Dari celah asbes, dia melihat Tania membersih kamar. Mama menghukumnya tidak boleh bermain sebelum seluruh ruangan bersih. Selama ini, gadis cilik itu malas merapikan kamarnya dan selalu banyak alasan kalau disuruh. Karena kedatangan Lobi, dia jadi ketakutan mulai membereskannya.
Lobi duduk seorang diri dan mulai sesenggukan. Berapa rumah lagi harus dikunjungi agar dapat tempat yang tepat? Hari hujan begini pasti banyak laba-laba yang berebutan untuk mendapatkan lokasi nyaman. Sekarang mungkin sudah terlambat untuk menemukan lokasi yang tepat.
“Kenapa menangis?”
Lobi kaget dan menoleh. Di belakangnya ada seekor laba-laba yang gemuk dan tinggi. Wajah laba-laba itu bingung melihat raut muka Lobi yang muram.
“Kenalkan, aku Wilo. Dari kemarin kulihat kamu mondar-mandir berkeliling loteng. Aku segan menyapa karena kamu diam saja. Padahal kami semua di sini sering mengobrol bersama. Kamu hanya menyendiri. Sekarang kamu malah menangis pula. Ada apa?” tanya Wilo.

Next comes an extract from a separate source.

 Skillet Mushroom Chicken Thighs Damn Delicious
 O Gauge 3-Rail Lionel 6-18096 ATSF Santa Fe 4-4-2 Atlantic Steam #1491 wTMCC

Di antara sedu-sedan, Lobi menceritakan usahanya yang sia-sia untuk mencari tempat membangun sarang. Semua lokasi loteng sudah penuh, dia bingung mau mencari ke mana lagi.
Woli tersenyum mendengar cerita teman barunya. “Lobi, kenapa kamu tidak bertanya dulu? Di sini masih banyak tempat luas dan nyaman untuk membuat sarang. Kami memang sudah menyediakannya kalau ada laba-laba baru yang datang. Kamu, sih, enggak mau bertanya.”
"Aku enggak ada kenal siapa pun di sini. Mau bertanya sama siapa?" ujarnya dengan suara lirih.
“Itulah gunanya berkenalan. Aku juga masih baru di sini, tapi aku rajin menegur penghuni lama. Mereka ramah, kok. Yuk, aku kenalkan,” ajak Woli.
Woli benar. Kedatangan Lobi disambut hangat oleh laba-laba lain. Mereka sering melihat Lobi mondar-mandir tanpa pernah menyapa siapapun. Para laba-laba berpikir kalau Lobi enggan bergaul dengan warga loteng.
Teman-teman barunya mungkin tidak tahu kalau Lobi sebenarnya laba-laba pemalu. Dia lebih suka berdiam di sarangnya sambil menatap laba-laba lain yang berseliweran. Lobi bingung bagaimana harus memulai pembicaraan dengan kawan-kawan baru.
Akan tetapi, mulai sekarang Lobi mau belajar untuk bertegur sapa dengan laba-laba lain. Kawan-kawan barunya memang menyenangkan, mereka suka berbagi cerita dan pengalaman. Apalagi karena bantuan mereka sekarang Lobi mendapatkan lokasi sarang yang luas dan nyaman.